The coworking industry is still in a nascent stage in the country. Several players are emerging in the market with over 90% of India’s shared workplace operators starting their first coworking space in the last 12 months. With India becoming the third largest start-up hub in the world and the second largest freelancer workforce in the world, there is a potential demand for more than 3.5 to 4 million seats in the coworking space.
Reasons to Consider Coworking
For the corporates and start-ups, coworking is more cost effective relative to traditional leasing arrangements. Further, tying up with operators at multiple locations through coworking saves time and enhances productivity, and also promotes knowledge sharing through collaboration with professionals from other fields. Coworking also helps in expanding teams as there are no restrictions on increasing the number of seats in a coworking facility.
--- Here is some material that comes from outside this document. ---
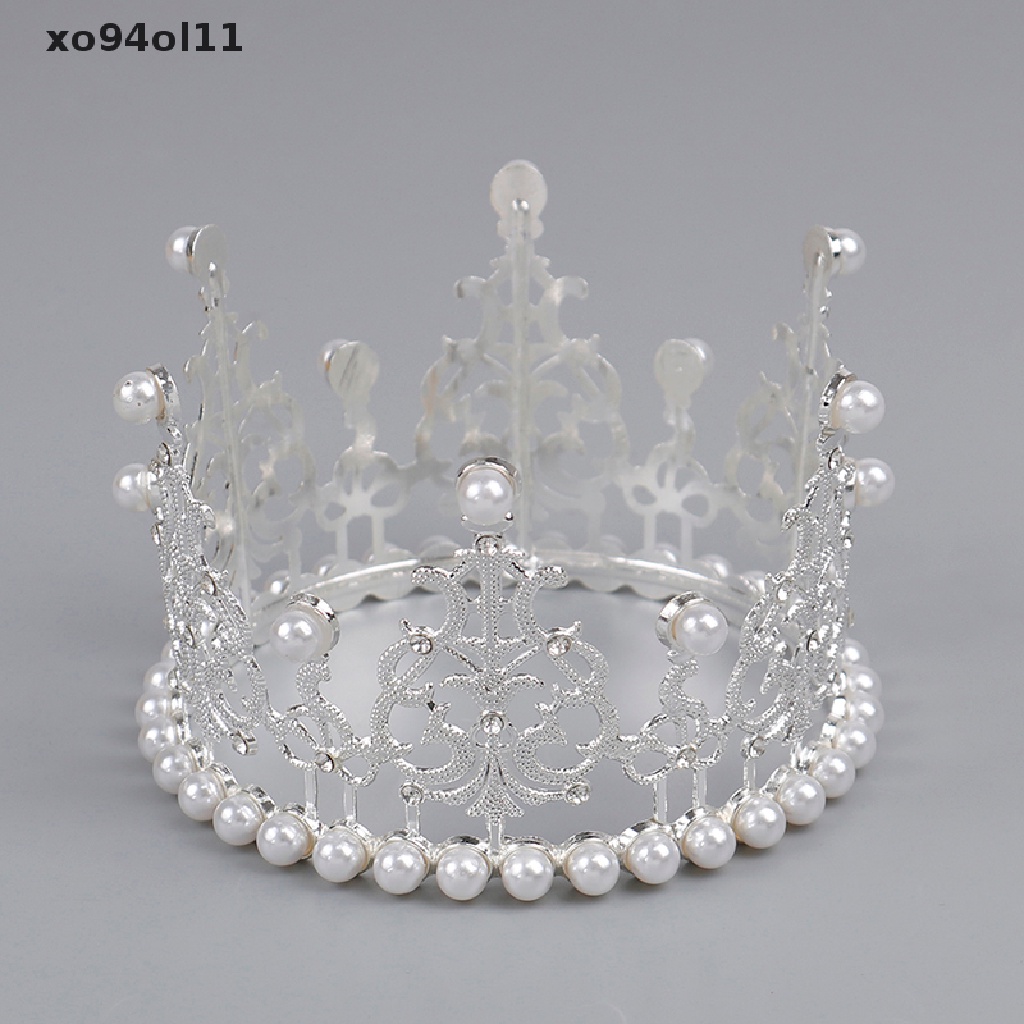 Xo Mahkota Logam Bulat Diadem Lingkaran Pesta Ulang Tahun Kue Baking Dekorasi Tiaras OL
The Coworking sector also presents a number of advantages for the developers, landlords and investors. Offering coworking spaces are more flexible and coworking spaces offers better pricing in terms of escalations and renegotiations every year and. Moreover, as the supply of such coworking facilities is low, occupancy can always be maintained and once established, such places become self-sufficient financially and therefore capital infusion on a regular basis is not required.
Technology, Millenials and the Future of Work
The future of the workplace is rapidly changing, primarily to meet the new demands in a market place driven by advanced technology. Improved technology is enabling access to remote areas of a city and distributing workforces. Working remotely from a variety of distant locations has been made possible through mobile technologies and personal devices while modern tech frills such as hi-speed Wi-Fi access and on demand IT solutions are facilitating virtual collaborations.
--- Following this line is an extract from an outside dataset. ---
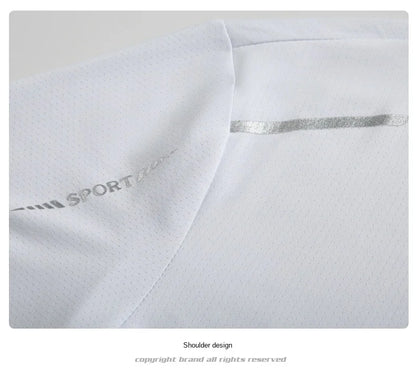 Men's Running T-Shirt – Reflective Quick-Dry Ice-Silk Sports Tee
Another major reason for the changing workplace is the way millenials approach work. Millenials account for over half of the population in India. India is the youngest start-up nation in the world, where 72% of the founders are less than 35 years. On demand, flexible places are the preferred places for these millenials. Also, experts are of the opinion that millenials will have as many as four to five different careers in the course of their professional lives. Thus, retaining millennial talent would have to be an innovative mix of agile workshop design and alternative career choices that the organizations can offer within the same shared workplace.
With the changing landscape of the real estate market, a traditional approach to strategy, decision making and operations is no longer sufficient. The “Future of Work” model is based on the changing world of work and its impact on the next generation of corporate real estate. The model highlights five areas that companies should address to confront the challenges of the changing landscape of work which includes human experience, digital drive, continuous innovation, operational excellence and financial management. (Figure 3)
Figure 3: Decoding the Five Dimensions
Although the prospect of the coworking space looks bright over the next couple of years, there are some concerns regarding its sustainability in the future. For example, most buildings at present are able to accommodate only one coworking operator, due to exclusivity agreements. This significantly limits the growth potential and range of quality options that the coworking spaces can provide. Nevertheless, the sector is still at a nascent stage and the future prospects of coworking spaces looks bright. The emergence of the sector has led to fundamental changes in people’s attitudes towards traditional office spaces and it is important to understand the value that shared places can create in terms of retaining, motivating and enabling a workforce.